-------- Material for the task --------
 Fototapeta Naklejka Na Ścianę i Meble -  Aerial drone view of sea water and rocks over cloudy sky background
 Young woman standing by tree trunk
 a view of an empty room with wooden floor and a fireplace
--------
-------- Material for the task --------
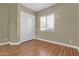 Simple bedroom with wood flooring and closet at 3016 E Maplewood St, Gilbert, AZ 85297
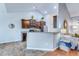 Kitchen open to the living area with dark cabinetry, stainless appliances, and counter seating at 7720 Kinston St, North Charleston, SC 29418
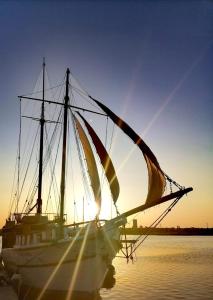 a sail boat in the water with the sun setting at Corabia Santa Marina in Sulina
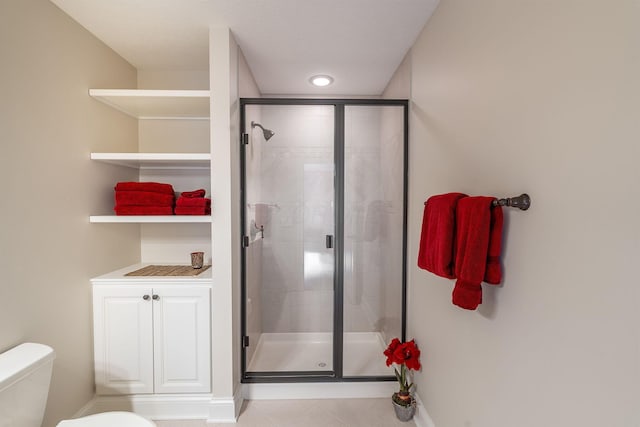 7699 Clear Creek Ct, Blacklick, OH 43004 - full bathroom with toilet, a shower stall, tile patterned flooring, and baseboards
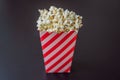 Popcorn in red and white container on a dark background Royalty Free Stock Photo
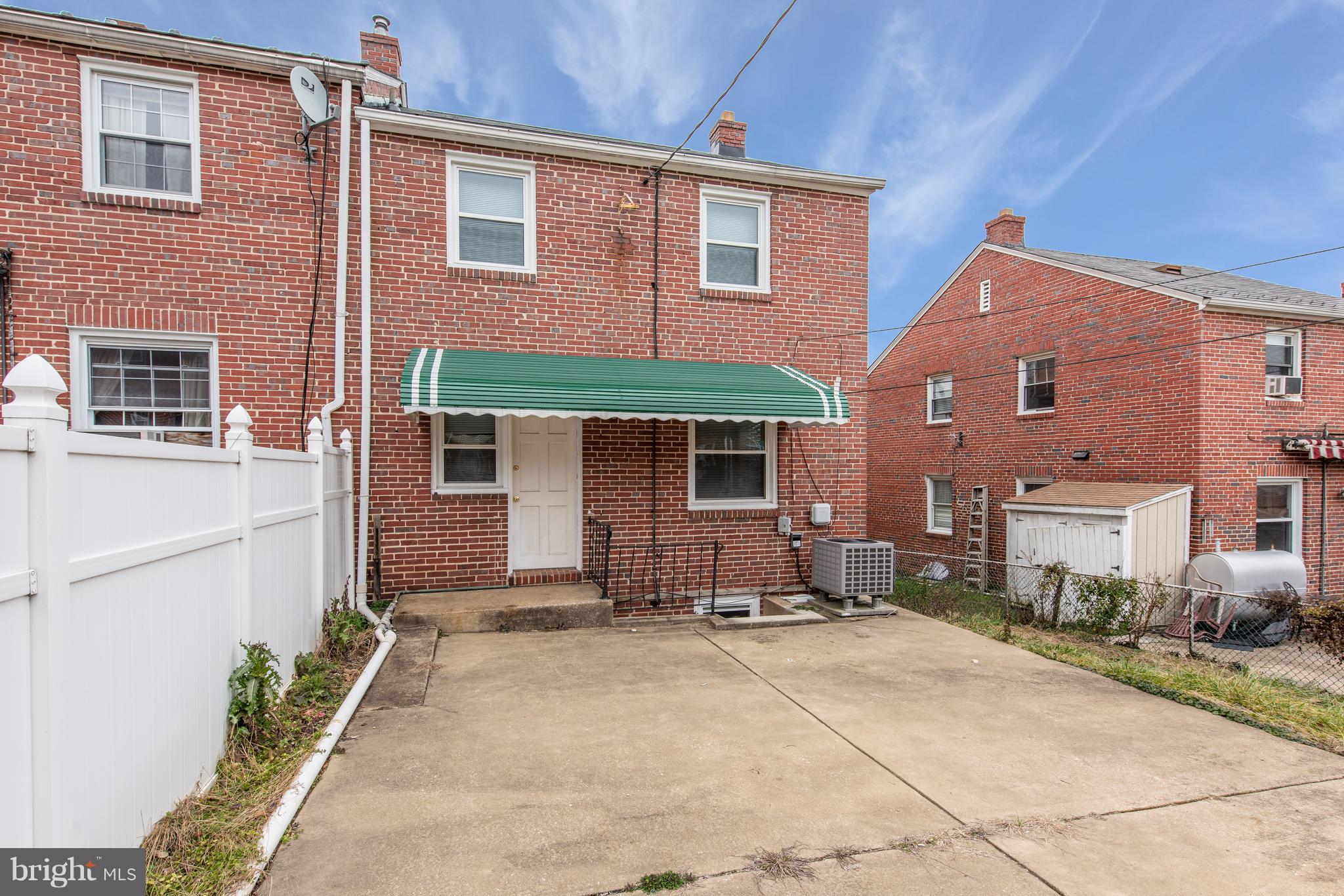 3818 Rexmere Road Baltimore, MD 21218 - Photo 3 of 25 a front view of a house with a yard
--------
Problem to solve: Give again the stretch of lines above from the one with "a sail boat" through the one with "3818 Rexmere Road", both ends kept, and copy no pictures.

Reply:
 a sail boat in the water with the sun setting at Corabia Santa Marina in Sulina
 7699 Clear Creek Ct, Blacklick, OH 43004 - full bathroom with toilet, a shower stall, tile patterned flooring, and baseboards
 Popcorn in red and white container on a dark background Royalty Free Stock Photo
 3818 Rexmere Road Baltimore, MD 21218 - Photo 3 of 25 a front view of a house with a yard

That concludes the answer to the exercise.